A Human-Centered Power Conservation Framework based on Reverse Auction Theory and Machine Learning
Extreme outside temperatures resulting from heat waves, winter storms, and similar weather-related events trigger the Heating Ventilation and Air Conditioning (HVAC) systems, resulting in challenging, and potentially catastrophic, peak loads. As a consequence, such extreme outside temperatures put a strain on power grids and may thus lead to blackouts. In order to avoid the financial and personal repercussions of peak loads, demand response and power conservation represent promising solutions. Despite numerous efforts, it has been shown that the current state-of-the-art fails to consider: i) the complexity of human behavior when interacting with power conservation systems; and ii) realistic home-level power dynamics. As a consequence, this leads to approaches that are i) ineffective due to poor long-term user engagement; and ii) too abstract to be used in real-world settings. In this paper, we propose an auction-theory-based power conservation framework for HVAC designed to address such individual human component through a three-fold approach:
personalized preferences
of power conservation,
models of realistic user behavior
, and
realistic home-level power dynamics
. In our framework, the System Operator (SO) sends Load Serving Entities (LSEs) the required power saving to tackle peak loads at the residential distribution feeder. Each LSE then prompts its users to provide
bids
, i.e.,
personalized preferences
of thermostat temperature adjustments, along with corresponding financial compensations. We employ
models of realistic user behavior
by means of online surveys to gather user bids and evaluate user interaction with such system.

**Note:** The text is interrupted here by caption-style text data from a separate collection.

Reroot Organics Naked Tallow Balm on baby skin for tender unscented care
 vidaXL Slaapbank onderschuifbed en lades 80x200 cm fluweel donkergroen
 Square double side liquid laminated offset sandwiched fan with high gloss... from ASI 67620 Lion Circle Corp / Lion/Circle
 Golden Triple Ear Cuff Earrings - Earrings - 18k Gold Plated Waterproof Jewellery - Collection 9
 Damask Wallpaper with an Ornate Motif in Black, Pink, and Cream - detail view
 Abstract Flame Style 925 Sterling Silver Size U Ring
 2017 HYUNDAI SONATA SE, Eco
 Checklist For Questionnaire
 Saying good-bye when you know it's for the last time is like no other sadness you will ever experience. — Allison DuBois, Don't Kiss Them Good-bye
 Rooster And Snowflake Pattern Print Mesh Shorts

Realistic home-level power dynamics
are implemented by our machine-learning-based Power Saving Predictions (PSP) algorithm, calculating the individual power savings in each user’s home resulting from such bids. A machine-learning-based Power Saving Predictions (PSP) algorithm is executed by the users’ Smart Energy Management System (SEMS). PSP translates temperature adjustments into the corresponding power savings. Then, the SEMS sends bids back to the LSE, which selects the auction winners through an optimization problem called POwer Conservation Optimization (POCO). We prove that POCO is NP-hard, and thus provide two approaches to solve this problem. One approach is an optimal pseudo-polynomial algorithm called DYnamic programming Power Saving (DYPS), while the second is a heuristic polynomial-time algorithm called Greedy Ranking Allocation (GRAN). EnergyPlus, the high-fidelity and gold-standard energy simulator funded by the U.S. Department of Energy, was used to validate our experiments, as well as to collect data to train PSP. We further evaluate the results of the auctions across several scenarios, showing that, as expected, DYPS finds the optimal solution, while GRAN outperforms recent state-of-the-art approaches.